Toute tentative d'appeler des artistes à collaborer à une oeuvre architecturale suppose préalablement la qualité de cette architecture. Le Corbusier a, jusqu'à présent, fait tout seul ses expériences de synthèse des Arts. Qu’il s’agisse du Pavillon suisse à la Cité Universitaire, de l'unité d’habitation de Marseille, de l'église de Ronchamp, ou encore du Capitole à Chandigarh, c'est l'architecte lui-même qui fit la polychromie, les fresques, les éléments sculptés. Mais peut-être y a-t-il une inégalité d'esprit créateur entre Le Corbusier architecte et Le Corbusier artiste.
Bien entendu, de nombreuses autres expériences contemporaines ont été faites; elles sont, en général, très discutables; c'est le cas en particulier de la Cité Universitaire de Mexico où les Arts Plastiques ont eu une place de choix. Les résultats n'ont pas été très convaincants et notre époque ne pourra en tirer vanité.
Oscar Niemeyer a fait appel assez souvent à des artistes, mais sans idée directrice bien définie. Walter Gropius, le regretté Eero Saarinen et l’architecte japonais Tange n'ont pas ignoré non plus l'importance de la collaboration des artistes.

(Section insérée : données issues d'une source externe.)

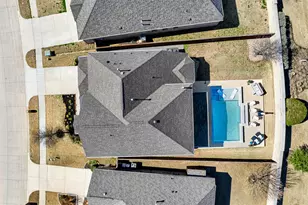 309 Green Valley Dr, McKinney, TX 75071 - Photo 38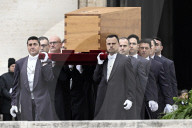 NEWS - Trauermesse für den verstorbenen emeritierten Papst Benedikt XVI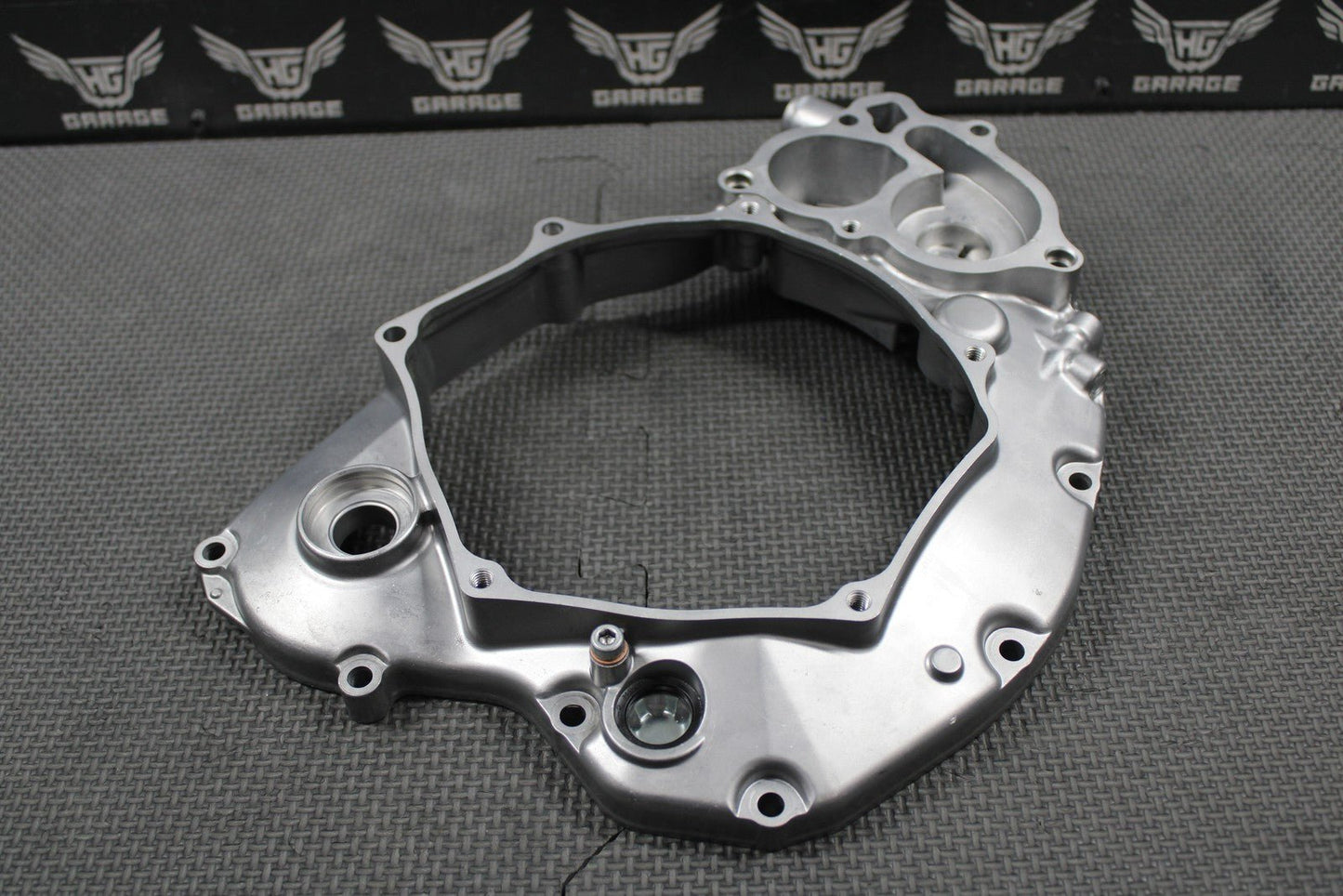 2020 SUZUKI 19 - 25 RMZ250 OEM RIGHT CRANKCASE INNER CLUTCH COVER 11340 - 49H10 GOOD - hggarage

La construction à Paris du Palais de l'Unesco aurait pu être une circonstance exceptionnelle pour démontrer l’importance d'une collaboration étroite entre architectes, artistes et artistes peintres ou sculpteurs.

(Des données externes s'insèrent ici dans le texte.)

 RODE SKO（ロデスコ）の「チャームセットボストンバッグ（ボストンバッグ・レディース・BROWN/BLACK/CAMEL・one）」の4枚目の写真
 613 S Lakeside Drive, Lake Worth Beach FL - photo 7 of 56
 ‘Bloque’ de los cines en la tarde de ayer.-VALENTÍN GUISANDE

Malheureusement, il n'en fut rien. L'architecture fort honorable de ce bâtiment ne constitue cependant pas une œuvre exemplaire, tandis que les travaux demandés fort tardivement aux peintres et aux sculpteurs semblent refoulés en des lieux inappropriés. On fit un geste de politesse, mais sans conviction et au total le résultat est fort incertain. Cela constituera cependant une expression du visage de notre époque. Estce celle que nous souhaitons?
En conclusion, il convient de constater la quasi-faillite de la collaboration entre artistes et architectes contemporains.
Les moyens mis à la disposition des uns et des autres ont sans doute été insuffisants, mais c'est seulement en de rares circonstances que l'on a pu faire avec conviction quelques tentatives sérieuses.